*** Records for this exercise
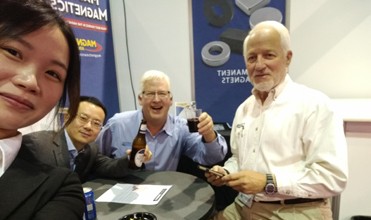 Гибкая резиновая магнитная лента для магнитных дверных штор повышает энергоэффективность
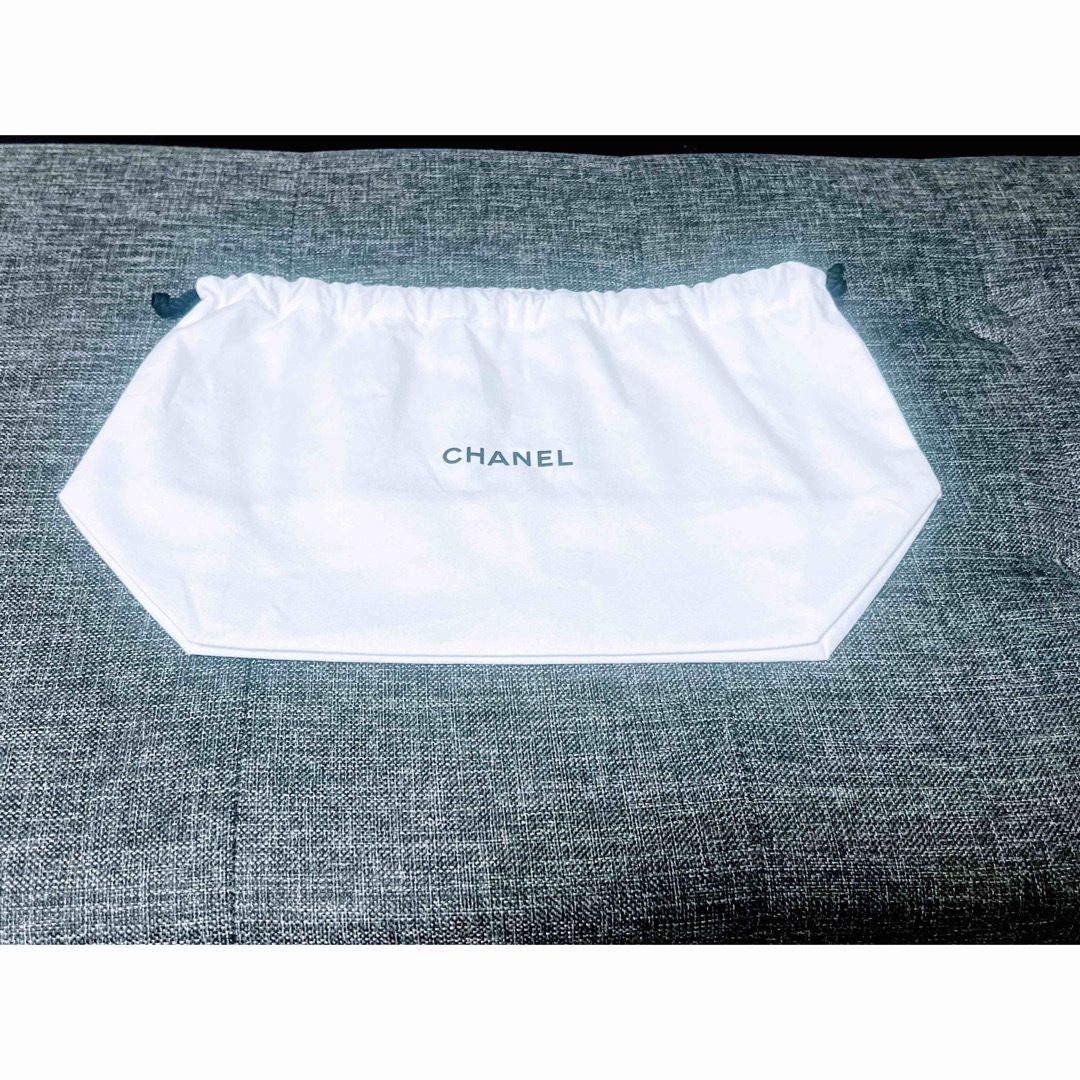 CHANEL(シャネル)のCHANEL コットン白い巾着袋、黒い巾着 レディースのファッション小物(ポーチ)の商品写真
******
*** Records for this exercise
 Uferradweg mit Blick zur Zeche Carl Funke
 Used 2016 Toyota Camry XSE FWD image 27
******
About this exercise –
Would you please copy exactly the part of the entries above that begins at the line containing "Uferradweg mit Blick zur Zeche Carl Funke" and ends at the line containing "Used 2016 Toyota Camry XSE FWD image 27", both lines included?

Finished exercise –
 Uferradweg mit Blick zur Zeche Carl Funke
 Used 2016 Toyota Camry XSE FWD image 27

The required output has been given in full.